Last week's trip to the game & comic shoppe happened in the midst of a power outage that blacked out a chunk of Portland's Hollywood District. The store was reduced to using an old fashioned credit card swiper, and people were standing around squinting at the comics along the walls. Despite the murk, a group of gamers in the back were still playing.

"We're surrounded by nerds!" I hissed at Al. Then I thought about it for a moment and remembered we were there hoping to find a pair of Buffy trading card game starter decks. The clerk told us those come and go at odd intervals. We were there for a game, though, and that particular shop does either trading card games or assorted RPG systems. So we punted and went with Magic, which has the disadvantage of being popular (no cool-kid points for us), but the advantage of being popular (which means booster packs are everywhere).

Magic's fun, but on the "imagining the action" level, it's got some odd issues. The bestiary of "charging goblins" and "giant octopii" feels stitched together in the same way TSR's first Monster Manual managed to feel, only without the benefit of a selective dungeon master to smooth the weld lines between the hodge-podge of mythoses. (For my money, Fiend Folio was a better piece of work. It felt like there was a theme. Maybe it was just the consistent artwork, or maybe it was because the Drow and Githyanki were cool.)

I know: It's just a card game. But part of the fun is imagining something is happening besides people comparing numbers.

I think we'll still be looking for a Buffy set, or I'll just give up and order one even though I hate buying things like that without getting to hold them first and let the ad copy on the back of the box get me all worked up.

All Time Favs
So while I'm in a gaming chat mood, I might as well toss out my fav game list:

Traveller: A SF RPG from Game Designer Workshop which seems to still be around, though I'm not sure if it's as it was in the '80s.
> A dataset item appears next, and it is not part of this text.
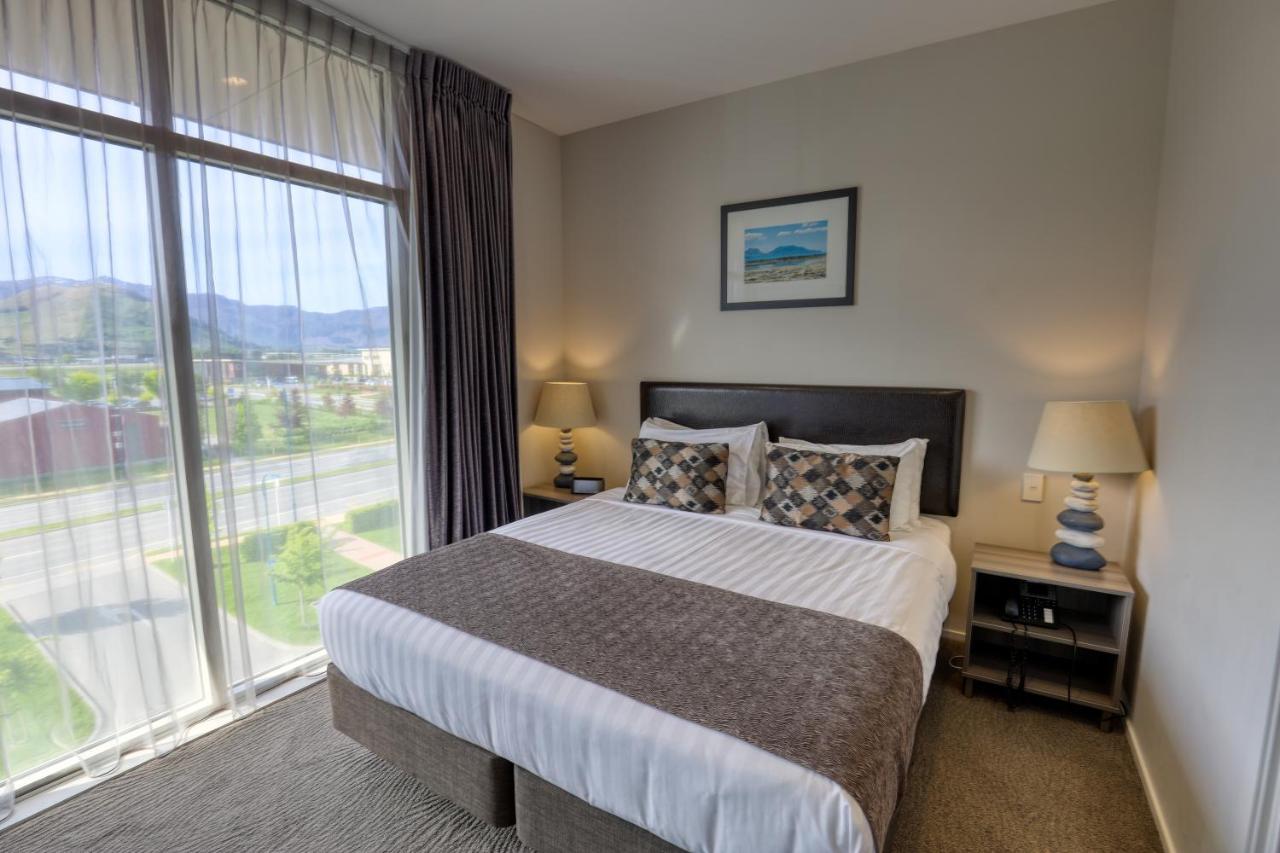 Ramada Suites By Wyndham Queenstown Remarkables Park Bagian luar foto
I dug Traveller because it was the first RPG I got into after AD&D, it was my discovery among our gaming group, the character generation was pretty cool, and there was a good hard SF feel to the rules and backstory: The designers understood that ballistic weapons will probably never go out of style.
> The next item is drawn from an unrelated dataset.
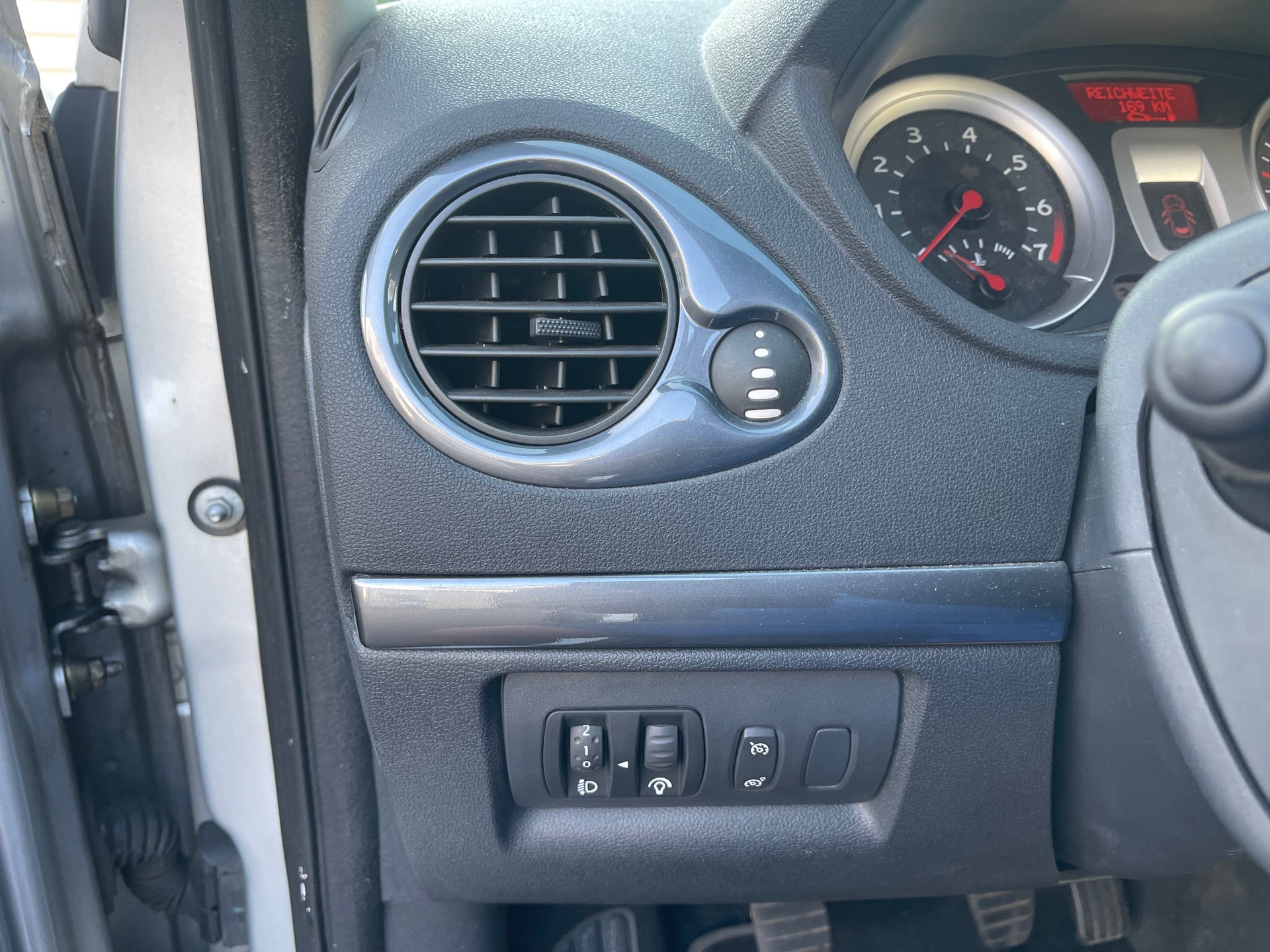 RENAULT Clio 1.6 16V Privilège-image-13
Boot Hill: Pure nostalgia. Dad bought it for me for Christmas and we played one-on-one games a few times. Thin rule book, simple combat, reasonable "wound to part of body" system instead of just "you took 10 points to wherever and your, uh, core body temperature dropped." The Old West setting was a fun break from D&D, too. I don't know enough about early TSR games to place this one, but it seemed to come out of the same generation as Gamma World. Well before the TSR Glut Orgy of licensed RPGs like the Indiana Jones RPG, the Conan the Barbarian RPG (what the hell was wrong with just using AD&D besides scaring your fundamentalist parents?) and perhaps the worst of that era:

The Marvel Superhero RPG: It's a fav because it was so freaking silly.

GM: O.k. The rocket smashes into your jetpack and you fall 50 stories. You take, uh, 100 points of damage and pass out.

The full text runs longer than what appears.